The speech, which at turns twinned soaring phrases and typecasting of illegal immigrants as criminals and murderers, seemed to instantly win the approval of his supporters. He delivered it in a much different fashion than the decidedly threatening tone that defined his inauguration address on Jan. 20.

But a single address seems unlikely to win over millions of others who have been on the receiving end of Trump’s vitriol, or have simply been offended by his casual belittling and caustic broadsides against his many targets.

Much of the address was Trump’s standard stump speech, only delivered at an even timbre, absent his usual hectoring tone. As a result, the touches of liberal rhetoric that he had eschewed until now—appealing to political unity, condemning anti-Semitic attacks, suggesting a readiness to compromise—sounded downright unTrumpian.

“This is our vision. This is our mission. But we can only get there together,” Trump said near the end of his speech. “We are one people, with one destiny. We all bleed the same blood. We all salute the same flag. And we are all made by the same God.”
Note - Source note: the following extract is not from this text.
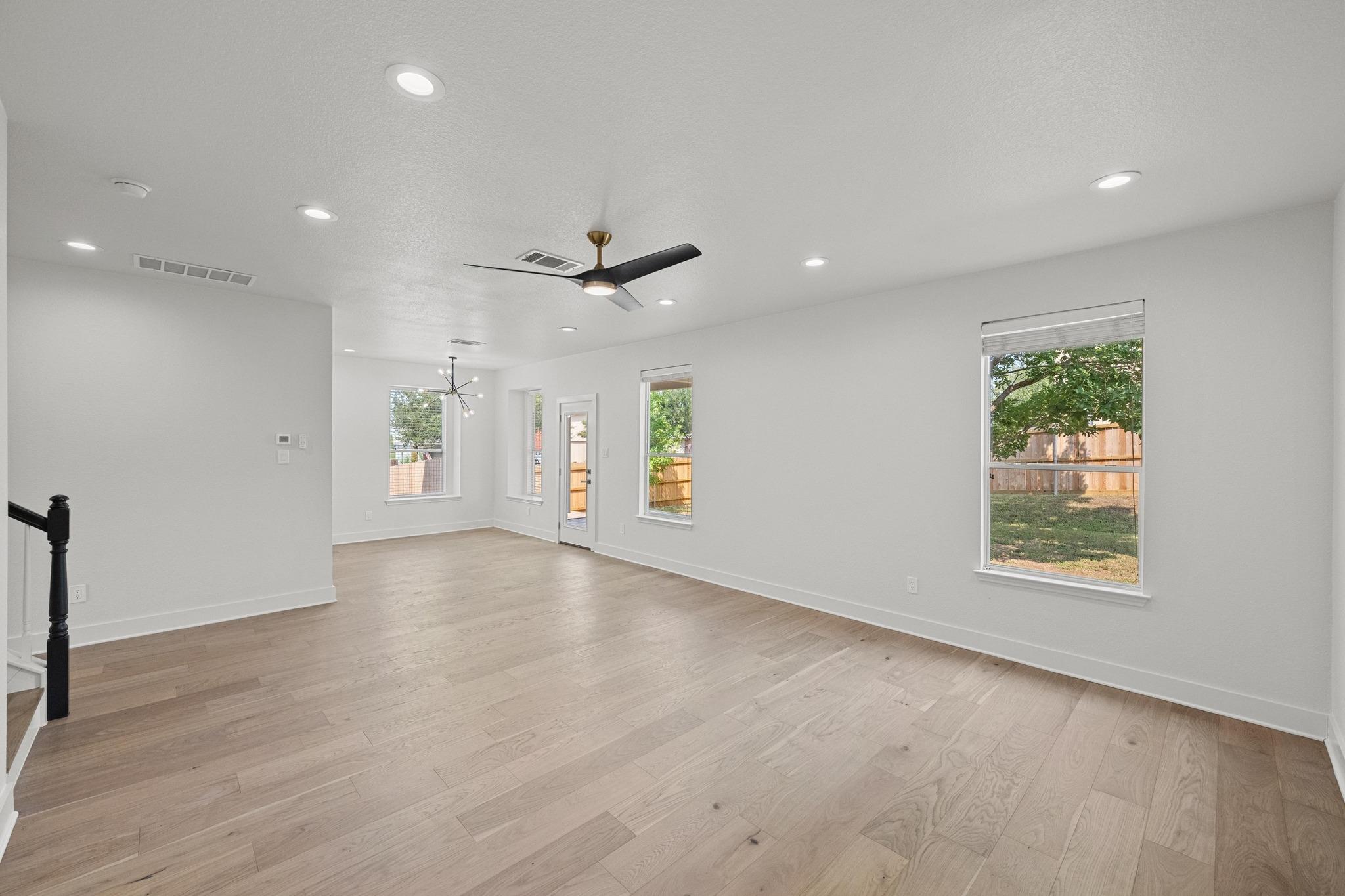 117 Waterloo Dr, Kyle, TX 78640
This olive branch was extended to allies he previously suggested he might forsake. In perhaps his least equivocal embrace of NATO in memory, Trump called the main western military alliance one that was “forged through the bonds of two World Wars that dethroned fascism, and a Cold War that defeated communism.”
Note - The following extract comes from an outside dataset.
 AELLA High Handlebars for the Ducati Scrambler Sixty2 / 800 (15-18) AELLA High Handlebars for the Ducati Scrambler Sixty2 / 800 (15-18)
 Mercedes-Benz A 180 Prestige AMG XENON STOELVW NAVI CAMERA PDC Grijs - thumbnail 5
He promised an America that “is once again ready to lead.” But he also took a swipe at the historical role of American leadership of the free world, which US presidents since Theodore Roosevelt have embraced. “My job is not to represent the world,” Trump said. “My job is to represent the United States of America.”

We will find out soon enough how enduring Trump’s newfound civility is. But if the last two years are a teacher, look for the bombastic tweets to resume before sunrise.